More Brutality Coming to LA County Jails—ICE to Deport Prisoners
October 5, 2015 | Revolution Newspaper | revcom.us
From a reader:
Four months ago, the LA County Supervisors made a ruling that outlawed ICE (Immigration and Customs Enforcement) from going into the LA County jails. Now, in an outrageous reversal, LA County Sheriff Jim McDonnell said that ICE will be allowed in the jails to deport immigrant prisoners.
As Revolution previously reported, the LA County jails have been exposed for their massive brutality against prisoners and visitors. (See “Brutality in the Dungeons of Los Angeles—This Must Be Stopped!“ December 16, 2013.) Eighteen sheriff’s deputies were arrested for covering up these beatings as well as for disappearing prisoners. In July 2014, six of these brutal dungeon keepers were convicted and then later sentenced to prison.
McDonnell qualified his statement by saying that “the new policy will allow U.S. Immigration and Customs Enforcement agents access to inmates who have committed serious crimes and who are not protected under a 2013 state law that restricts collaboration between local cops and federal immigration officials.” That law, the California Trust Act, bars local authorities from holding inmates at ICE’s request unless the inmate has been convicted of a serious or violent crime. At the same time, McDonnell said that “ICE agents would have full access to inmates in the jails and the inmate release area, and to the department’s databases.” He said he would adhere to the California Trust Act.
But a Los Angeles Times editorial questioned whether allowing ICE “full access” violated the California Trust Act. On the other hand, the editorial called going after those “who have committed serious crimes” as being “reasonable.” That’s outrageous. There is nothing reasonable about deporting people—and further, the Los Angeles Times does not have a clue about how ICE has defined those “who have committed serious crimes.”

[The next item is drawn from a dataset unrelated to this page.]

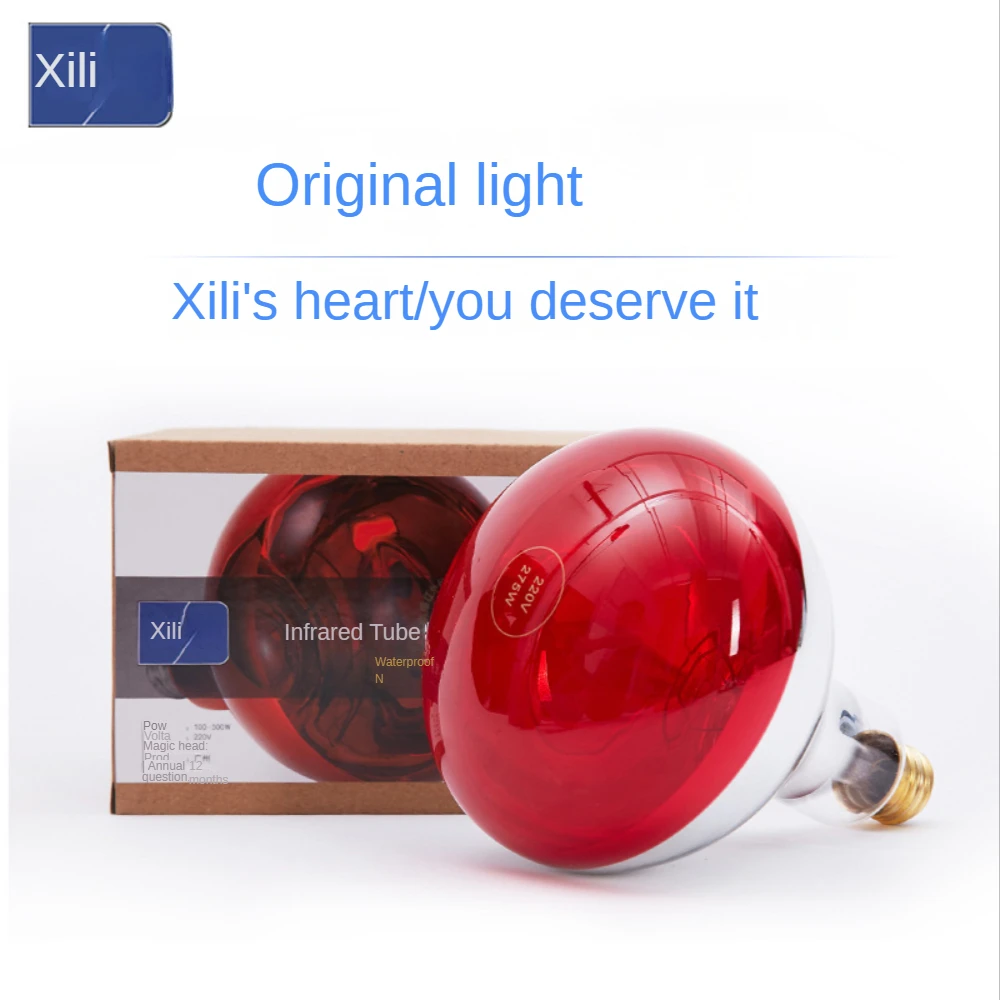 المصباح الكهربائي الأشعة تحت الحمراء العلاج الطبيعي 275 واط صالون تجميل التدفئة مصباح التدفئة تعزيز الدورة الدموية العلاج المساعد الضوء الأحمر #3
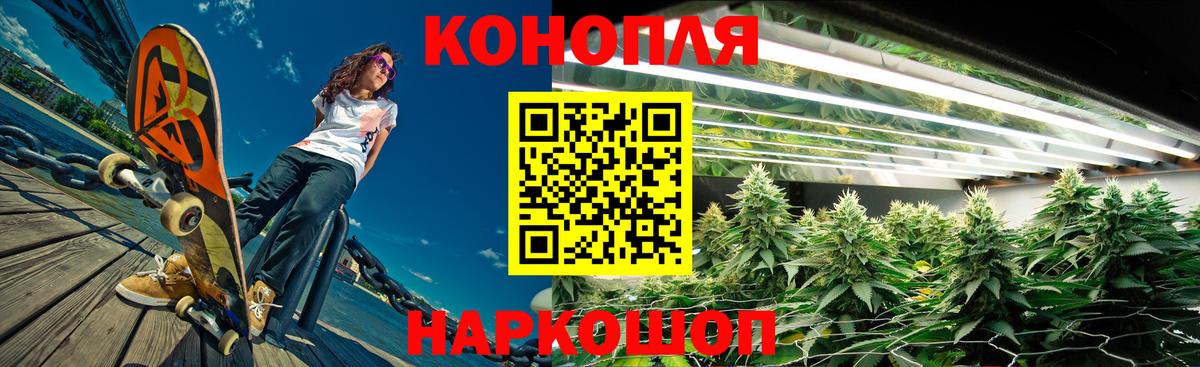 Бошки марихуана LSD WEED Лесосибирск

Here are some of those categories directly from the memorandum “Policies for the Apprehension, Detention and Removal of Undocumented Immigrants” (November 20, 2014), where ICE lays out how they will dedicate resources for deporting:
(a) aliens convicted of three or more misdemeanor offenses, other than minor traffic offenses or state or local offenses for which an essential element was the alien’s immigration status, provided the offenses arise out of three separate incidents;
(b) aliens convicted of a “significant misdemeanor,” which for these purposes is an offense of domestic violence; sexual abuse or exploitation; burglary; unlawful possession or use of a firearm; drug distribution or trafficking; or driving under the influence; or if not an offense listed above, one for which the individual was sentenced to time in custody of 90 days or more (the sentence must involve time to be served in custody, and does not include a suspended sentence);
(c) aliens apprehended anywhere in the United States after unlawfully entering or re-entering the United States and who cannot establish to the satisfaction of an immigration officer that they have been physically present in the United States continuously since January 1, 2014 ; and
(d) aliens who, in the judgment of an ICE Field Office Director, USCIS District Director, or USCIS Service Center Director, have significantly abused the visa or visa waiver programs.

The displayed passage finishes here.